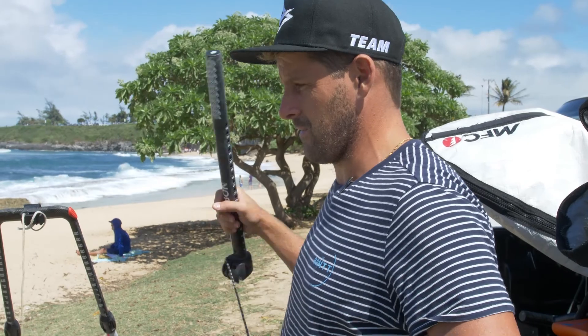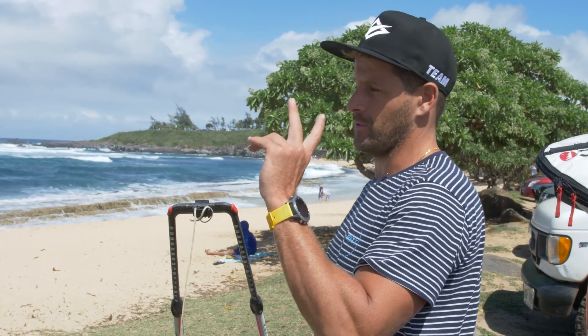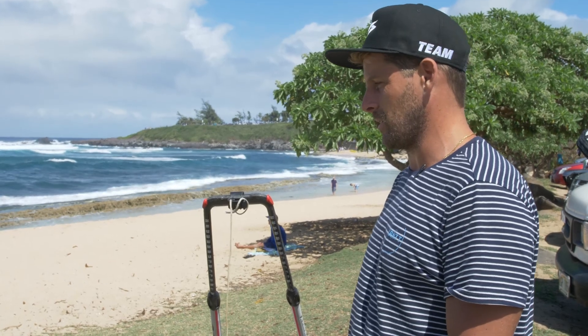So today I'm gonna try sail with my Force 4 — one of the prototypes that Nils made. This version is the wider top. Feels really light, feels really maneuverable, and pretty strong as well. And yeah, that's the one I'm gonna try today.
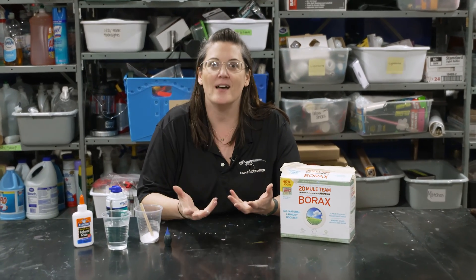Hello fellow scientists! Since many of you are stuck at home right now, we thought we would bring you some activities you could do at home. Today's activity is making fluffy slime.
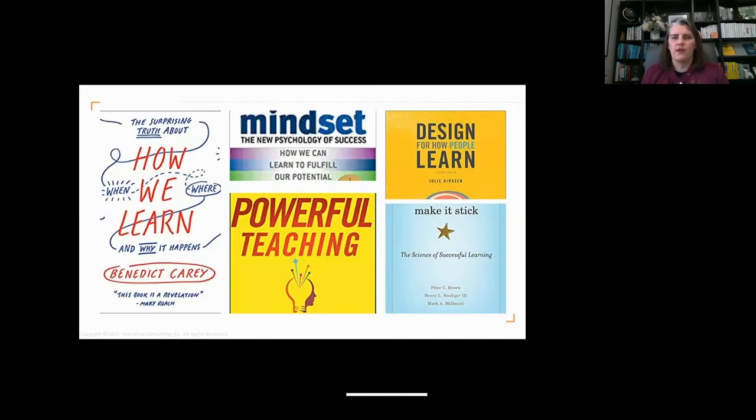Designed for How People Learn by Julie Dirksen is really great for how we design things. We've always used certain strategies but aren't sure if they actually work — she takes it from the standpoint of here are those proven strategies you can employ. And then everyone's favorite, Mindset by Carol Dweck.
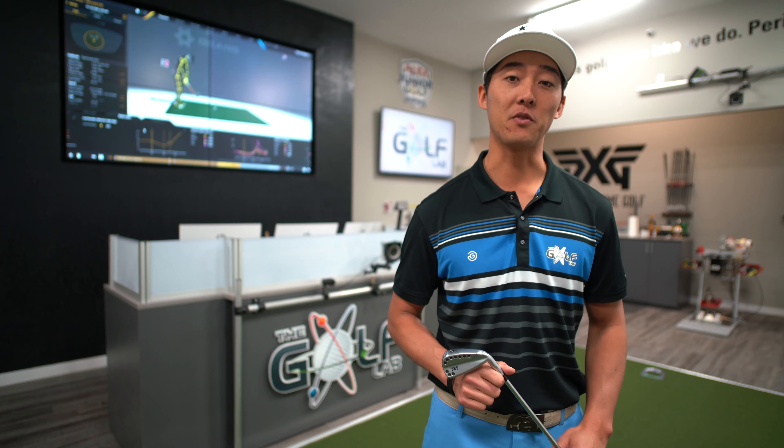Hey guys, Carson from the Golf Lab here. For all you club junkies out there, I want to talk to you about our performance club fitting workshop, World Tour.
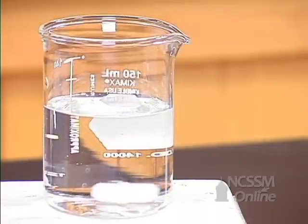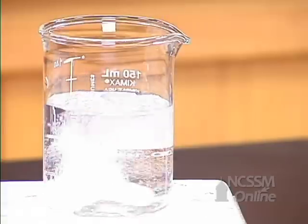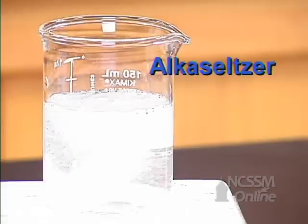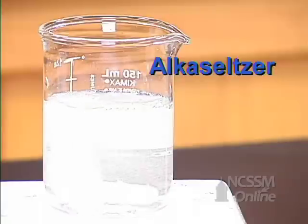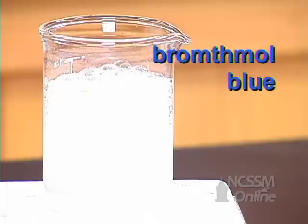I'm again going to start with 100 milliliters of distilled water, and I'm going to add an Alka-Seltzer tablet. I'm also going to add a couple of drops of bromothymol blue.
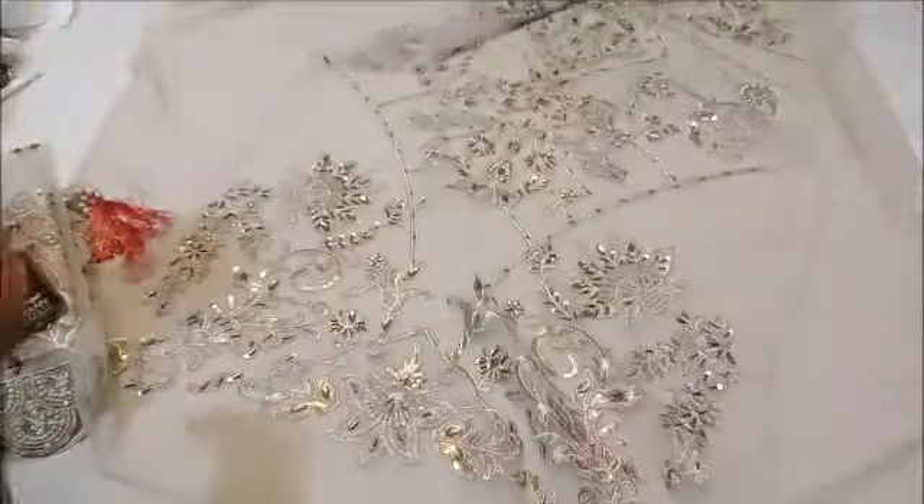This is the front and this is the neck. Next up, this is the diamond embroidered border with cutwork. You can see all the handwork — full ration, sequence handwork — the same as the original work.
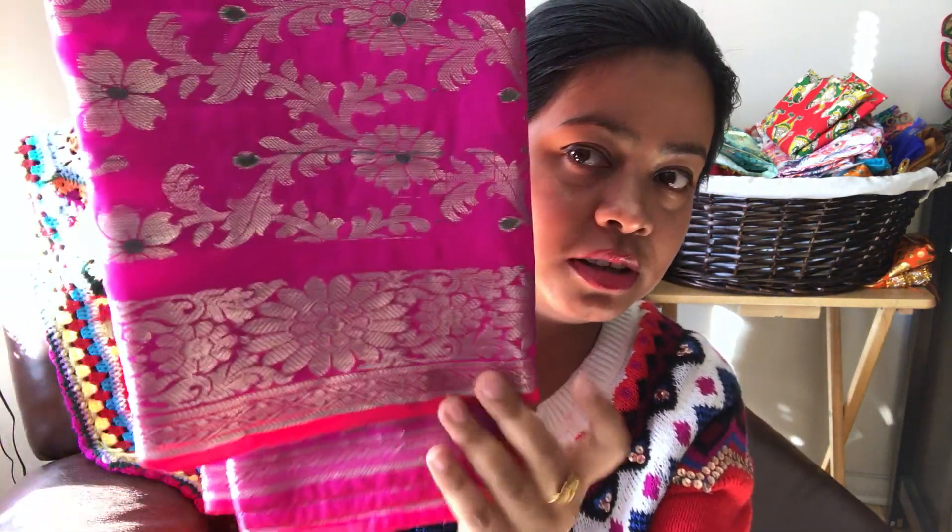For this look, I'm using some Dupattas — mostly Banarasi Dupattas and Fulcari Dupattas. As you guys might know, Banarasi Dupattas are very much in style these days. The one I'm going to be using today is a very beautiful pink Banarasi Dupatta. Look at it guys, it's so, so pretty.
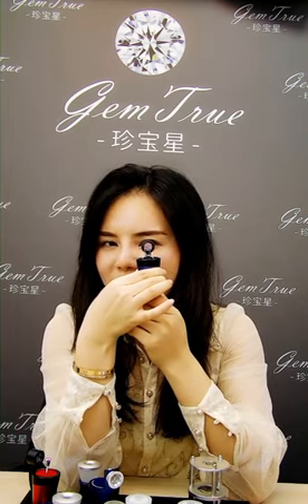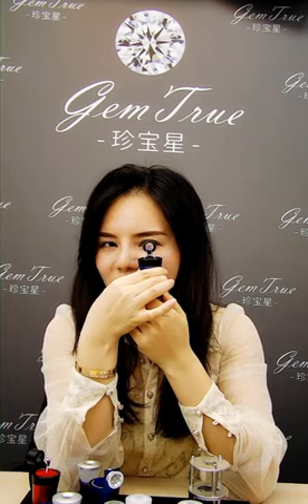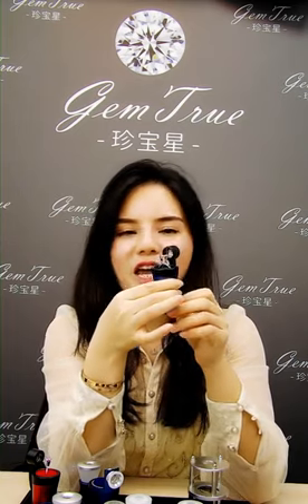We use a ring holder to hold the stones here, where you can adjust position like this, and at the bottom you can adjust the focus point. This is a 20 times triplet length inside, so it's very easy to see the inscriptions and the GIA numbers.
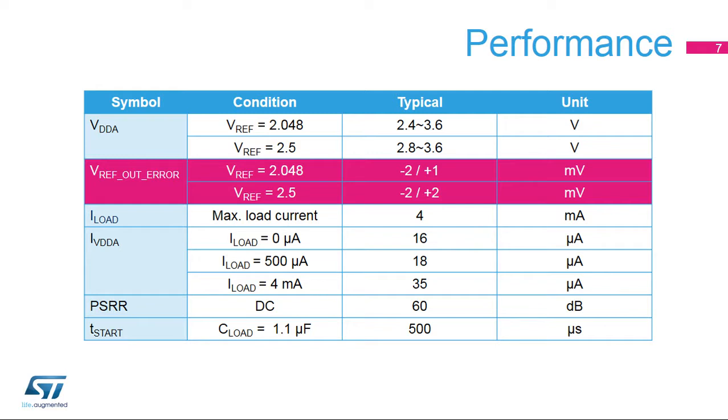This table shows certain performance parameters for the VREF buffer. The VREF buffer can work from 2.4 to 3.6V for a 2.048V output, and 2.8V to 3.6V for a 2.5V output. The quiescent current is very small, even with a 4mA output current. It's possible to disable the VREF buffer when it's not being used, and it can be available again 500 microseconds after it is re-enabled. The power supply rejection is 60 decibels.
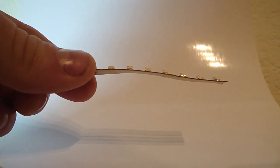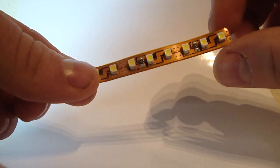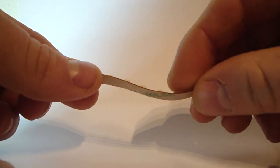Hi there, this is Ryan with FlexFire LEDs, showing you the flexibility of a flex strip. This is a Colorbrite series flex strip. You can see that it bends nicely in this direction.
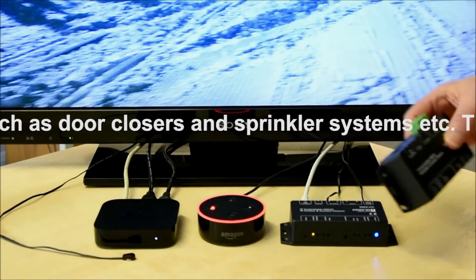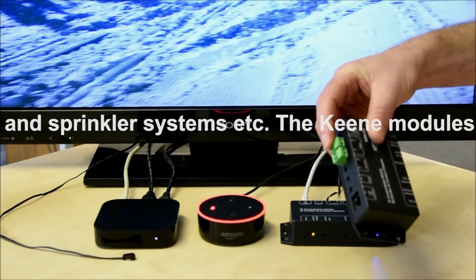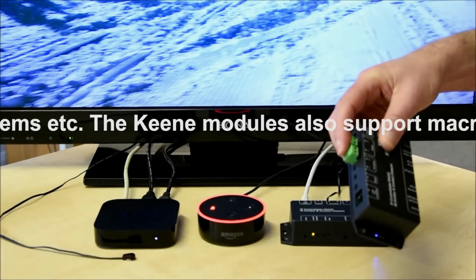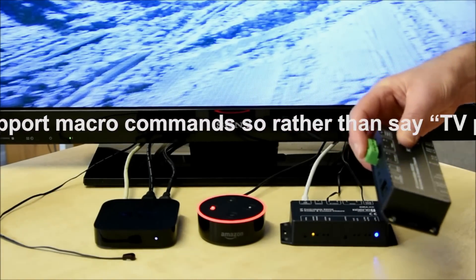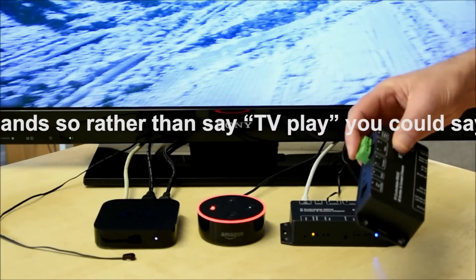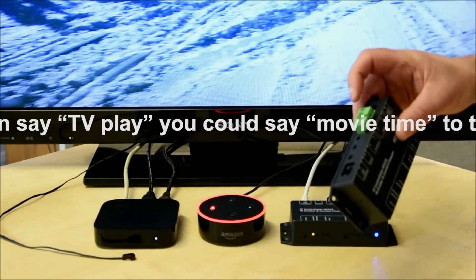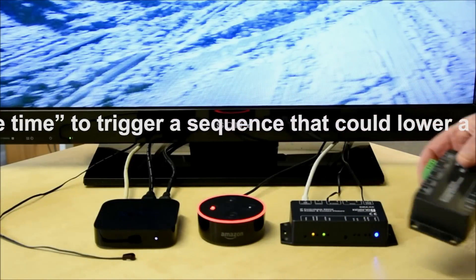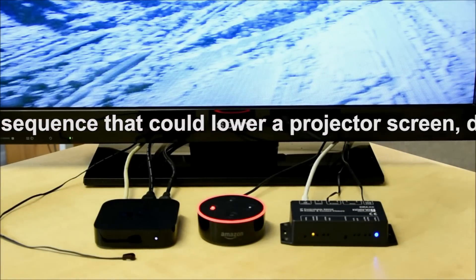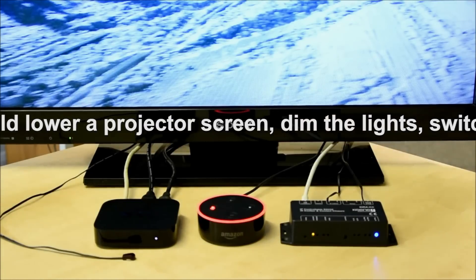This particular module, the Kira CC, also has a couple of independent relay contacts on it, and again they can be triggered by voice command. You could use those for door closures, lowering blinds, or whatever it might be. There's also an RS-232 port on this particular module, so you've got a lot of control options there.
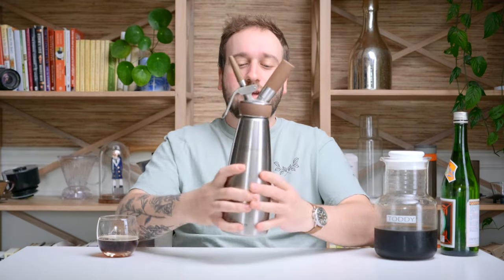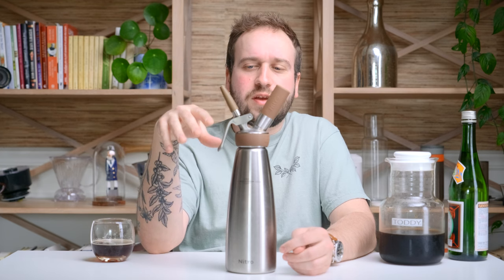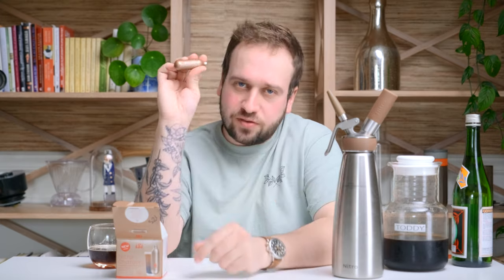Or you can get something like this — a nitrogen-specific kind of whipped cream canister. This one in particular is made by Isi. There are obviously other manufacturers of this exact type of product. You just have to make sure you are buying one specifically for nitrogen. Isi and other companies make cheaper canisters for whipped cream, but those use different gas canisters. This one uses nitrogen chargers, whereas whipped cream uses nitrous oxide — which is not the same thing. You need N2 nitrogen in order to make nitro cold brew.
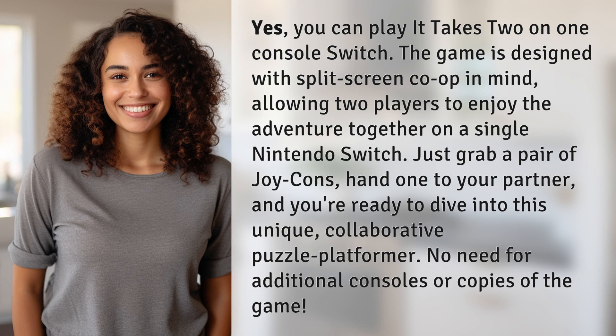Yes, you can play It Takes Two on one console Switch. The game is designed with split-screen co-op in mind, allowing two players to enjoy the adventure together on a single Nintendo Switch. Just grab a pair of Joy-Cons, hand one to your partner, and you're ready to dive into this unique, collaborative puzzle platformer. No need for additional consoles or copies of the game.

====================

(ASSIGNED TASK): Within the listing above, the lines from the one with "Hi there, this" through the one with "This particular module, the" are to be given again word for word. Do not include pictures.

(RESPONSE):
Hi there, this is Ryan with FlexFire LEDs, showing you the flexibility of a flex strip. This is a Colorbrite series flex strip. You can see that it bends nicely in this direction.
This particular module, the Kira CC, also has a couple of independent relay contacts on it, and again they can be triggered by voice command. You could use those for door closures, lowering blinds, or whatever it might be. There's also an RS-232 port on this particular module, so you've got a lot of control options there.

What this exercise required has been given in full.